Migration 098 creates both roles with NOBYPASSRLS / BYPASSRLS correctly, but roles without passwords cannot be logged in as. v8.0.0 ships scripts/operators/provision-app-role.sh to set passwords on both roles via ALTER ROLE ... WITH PASSWORD against your live Postgres and verify connectivity as each role. Passwords are supplied by the operator (env vars APP_ROLE_PASSWORD + PLATFORM_ADMIN_PASSWORD) — the script does not generate or print them.
curl -fsSLO https://raw.githubusercontent.com/getaxonflow/axonflow-enterprise/main/scripts/operators/provision-app-role.sh
chmod +x provision-app-role.sh
# Generate strong passwords yourself (the script does not generate them):
export APP_ROLE_PASSWORD="$(openssl rand -base64 32 | tr -d '/+=' | head -c 32)"
export PLATFORM_ADMIN_PASSWORD="$(openssl rand -base64 32 | tr -d '/+=' | head -c 32)"
# Stash both passwords in your secrets manager BEFORE running. Provide
# DATABASE_URL (or PGHOST/PGUSER/PGDATABASE) pointing at the RDS master,
# using the same construction shown in step 4 above:
DATABASE_URL="$DATABASE_URL" ./provision-app-role.sh
The script is idempotent — re-running with the same passwords is a no-op. Re-running with mismatched passwords exits 1 unless you set FORCE_RESET=1 to rotate. Stash both passwords in your secrets manager BEFORE running, otherwise you'll need FORCE_RESET=1 to recover the role.

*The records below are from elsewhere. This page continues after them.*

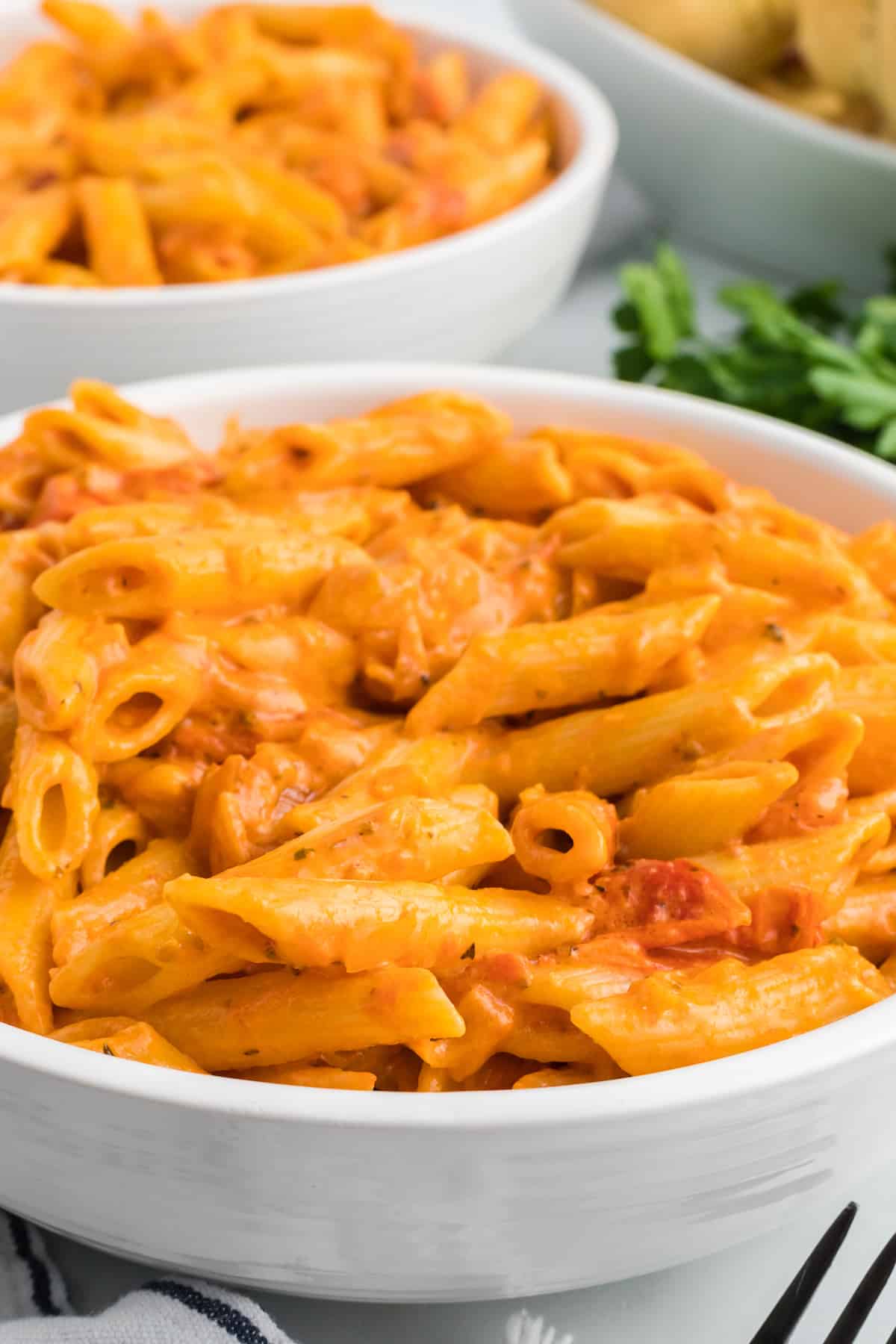 serving bowls with creamy pomodoro sauce over penne pasta.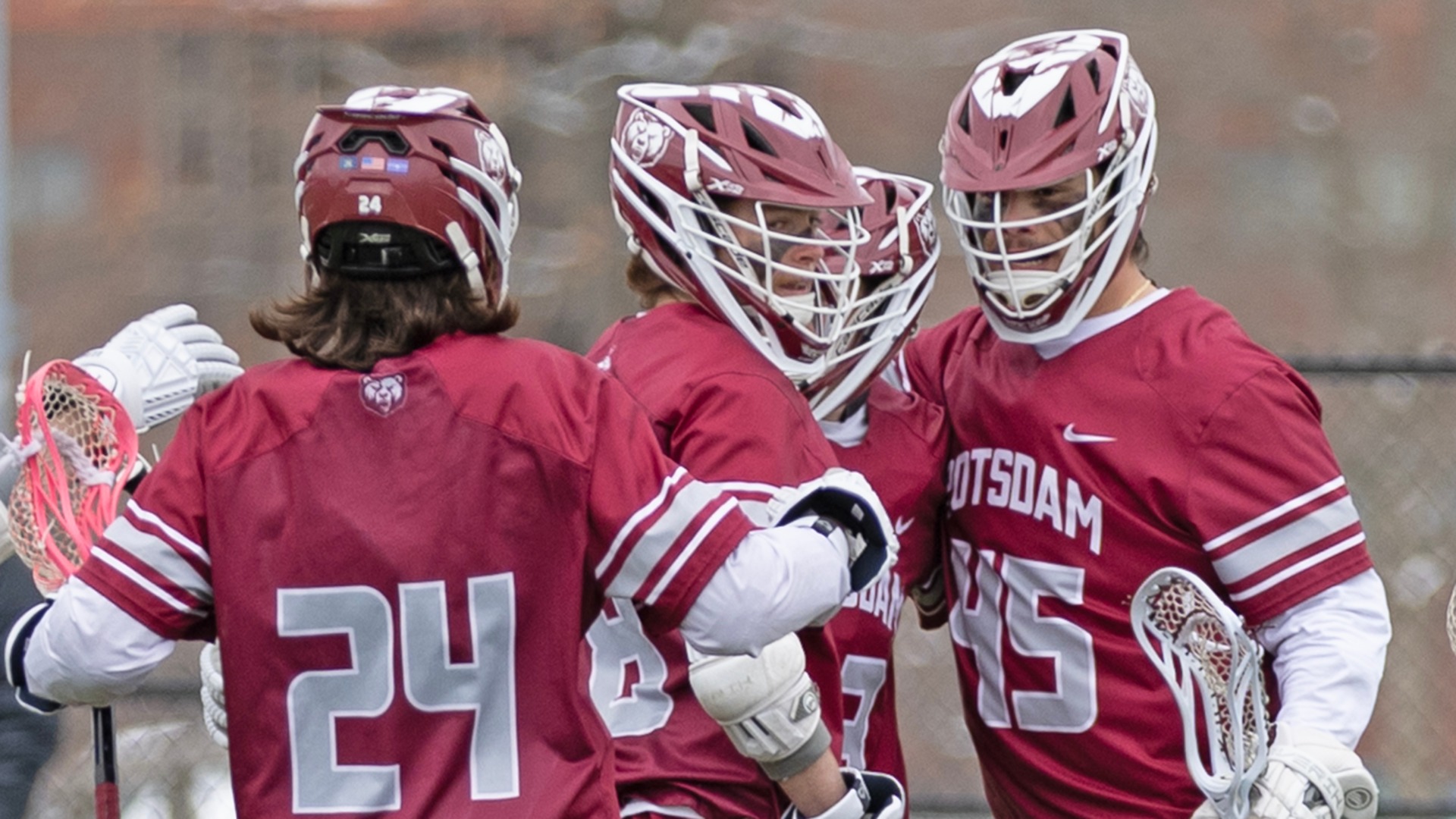 Rowisonkies Barnes celebrates a goal with Ronin Oakes and Billy Kozloski during a game with SUNY Poly on 3/21/26.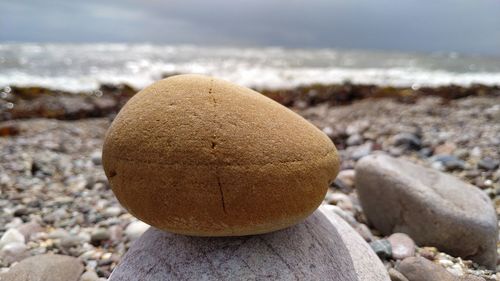 Close-up of stones on beach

Then construct the two DSN env vars to add to your task definitions:
AXONFLOW_DB_APP_ROLE_URL=postgres://axonflow_app_role:$APP_ROLE_PASSWORD@<host>:5432/axonflow?sslmode=require
AXONFLOW_DB_PLATFORM_ADMIN_URL=postgres://axonflow_platform_admin:$PLATFORM_ADMIN_PASSWORD@<host>:5432/axonflow?sslmode=require
Store both in your secrets manager (AWS Secrets Manager, GCP Secret Manager, HashiCorp Vault, etc.) and reference them from your agent + customer-portal task definitions:
- CFN-deployed stacks: store as two new secrets
axonflow/<stack>/app-role-urlandaxonflow/<stack>/platform-admin-url; reference viaSecrets:in the task def YAML. - Docker Compose: load via
.envfile or--env-fileflag. - Kubernetes: mount as Secret-backed env vars.
If you want to defer the role flip (run v8.0.0 binary on v8.x runtime semantics), skip this step and add AXONFLOW_DB_USE_APP_ROLE=false to your task definitions instead. The same task defs will accept the app role later when you populate the DSN secrets and remove the false pin.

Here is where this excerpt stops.